Not only this but throughout the operation of the service, would Islamic crowdfunding service providers be required to have a Shariah supervisory board just like Islamic financial institutions. The same goes for the appointment of Shariah compliance officers to ensure that daily operations of Shariah compliance are adhered to among other regulatory requirements. When we asked these questions to practitioners, we found that there is a difference of opinion among them.
Some are of the view that the role of crowdfunding service providers is completely different from how an Islamic financial institution operates. This is the main reason—that, unlike Islamic financial institutions, Islamic crowdfunding platforms do not provide products and services or even control projects listed on their platform, and thus the responsibility is not shouldered by them. However, legally, depending on the legal and regulatory or prudential requirements imposed by the regulatory authorities, they are statutorily obliged to meet certain standards such as how the collection of funds are handled, disclosure and accounting requirements.

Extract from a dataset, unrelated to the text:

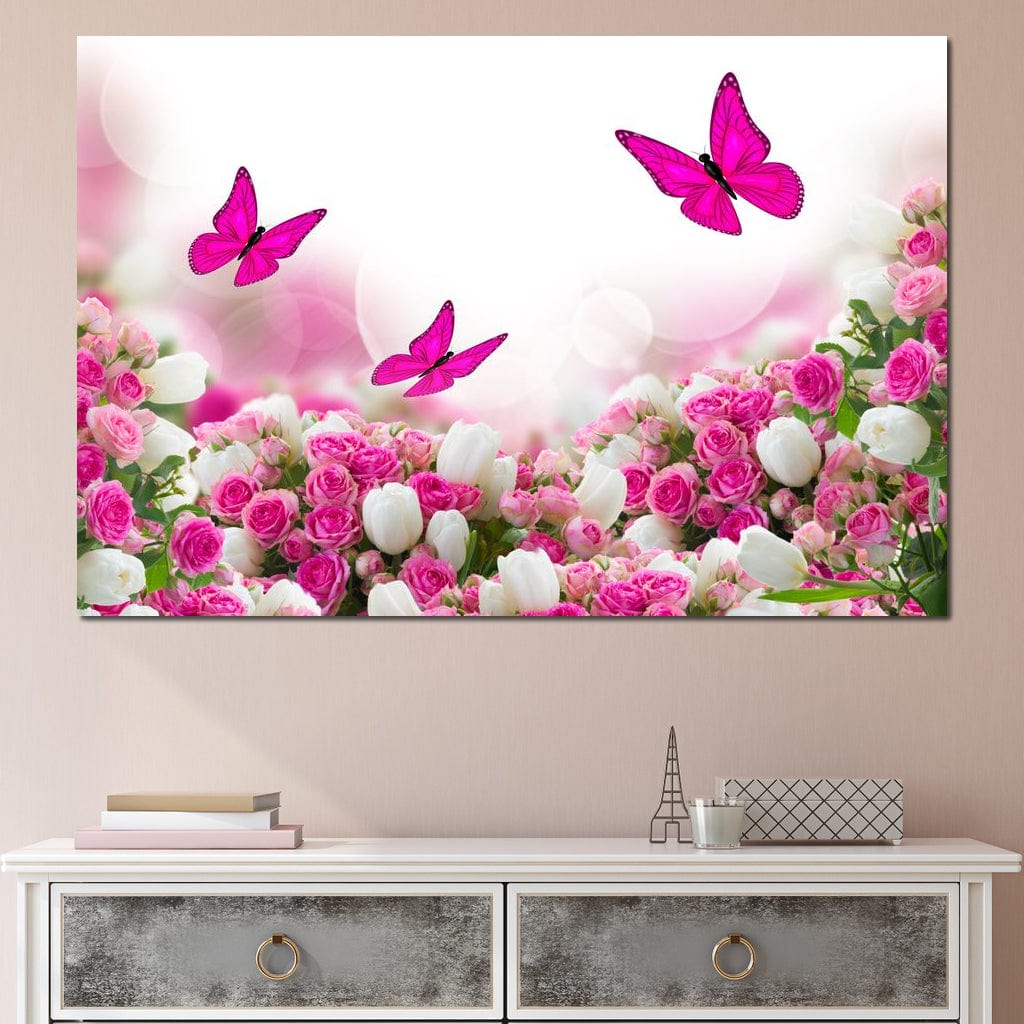 Pink Roses & Butterflies Canvas Wall Art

As such, for Islamic crowdfunding platforms, having a Shariah supervisory board is not a requirement, but what is required is a Shariah Advisor who could be an individual or a firm. They do not support the idea of having formal Shariah supervisory boards. They also believe that if all of the Shariah internal control functions are forced to be implemented by the crowdfunding service provider, this will be a business continuity or sustainability challenge for them, which could lead to an uneven level playing field between Islamic and conventional crowdfunding services providers.

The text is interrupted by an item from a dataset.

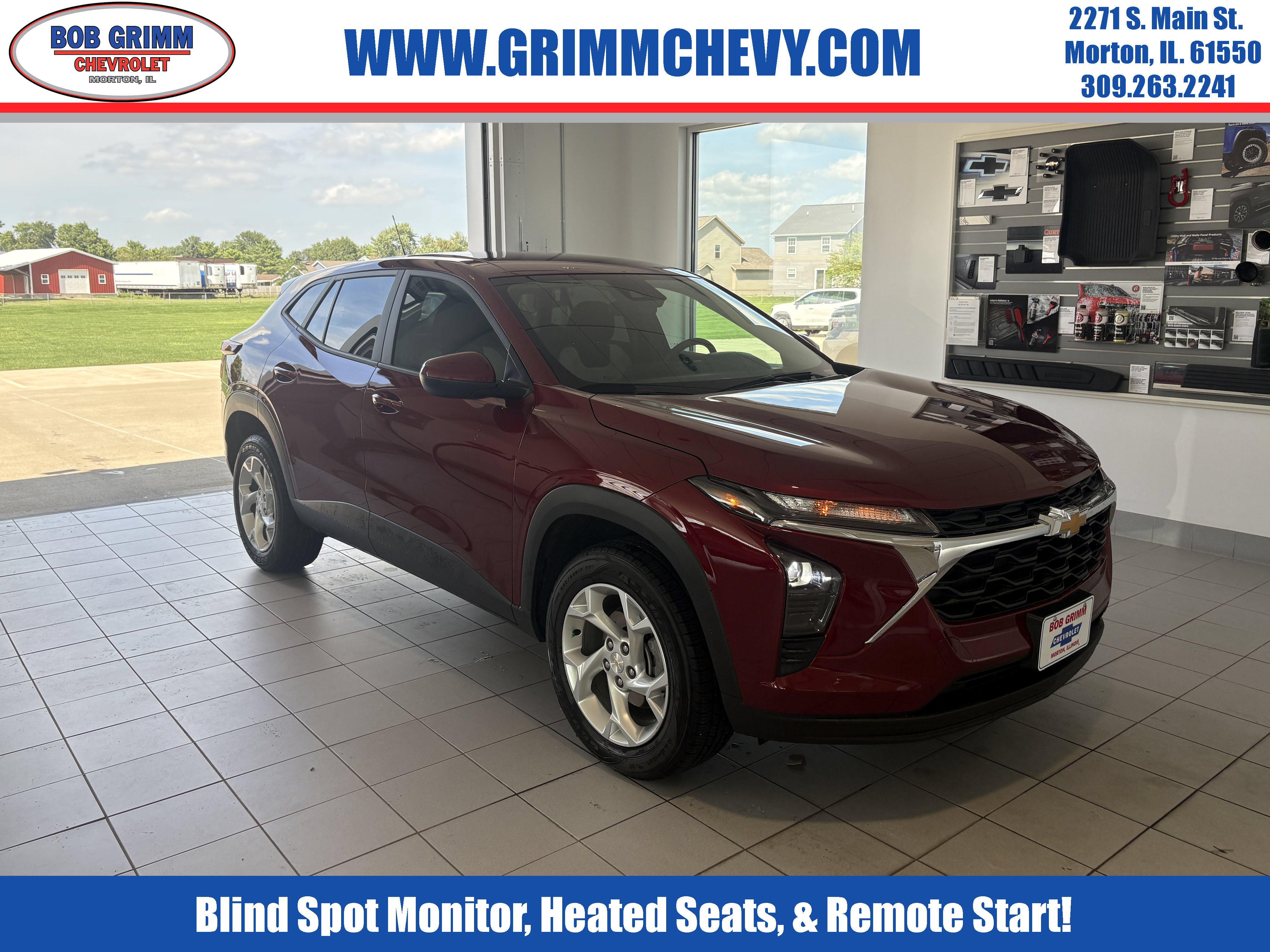 2024 Chevrolet Trax LS in Crimson Metallic — front three-quarter view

However, to ensure the adherence of Shariah compliance, they believe that with a prudential Shariah audit, a Shariah audit could be conducted periodically to ensure that there is no compromise in Shariah compliance. In short, since the crowdfunding service provider is a matchmaker that matches the financing needs of investors and projects, there is no point in requiring the platform service provider to adhere to Shariah governance standards that are followed by a financial institution.
On the other hand, others consider the strict adherence of Shariah standards by crowdfunding service providers necessary to ensure that there is no compromise on adherence to the Shariah requirements. Although this can negatively impact crowdfunding service providers’ operational costs and lead to an unequal match between conventional and Islamic crowdfunding service providers.
For them, the idea is to ensure that proper internal and external Shariah governance and controls are put in place so that there will be no room for Shariah non-compliance to occur. So even if the crowdfunding service provider is merely a matchmaker, they need to ensure that shariah compliance is achieved in all the projects which are listed on the platform. For some practitioners, this view is considered too theoretical.
Conclusion
To conclude, crowdfunding is an innovative and potential approach to fulfil the financing requirements for startups and those unable to access finance using classical means. Shariah compliance ought to be adhered to in all stages of it. Islamic crowdfunding is an emerging area that is gaining attention the world over.
However, for its sustainable development, it is imperative to develop a suitable Shariah governance framework. Ethis is an example of an Islamic crowdfunding platform that has been following the legal structure according to the Shariah rules. The contracts developed by Ethis are all Shariah-compliant. The documentation as well is prepared by lawyers who have significant experience in Shariah laws.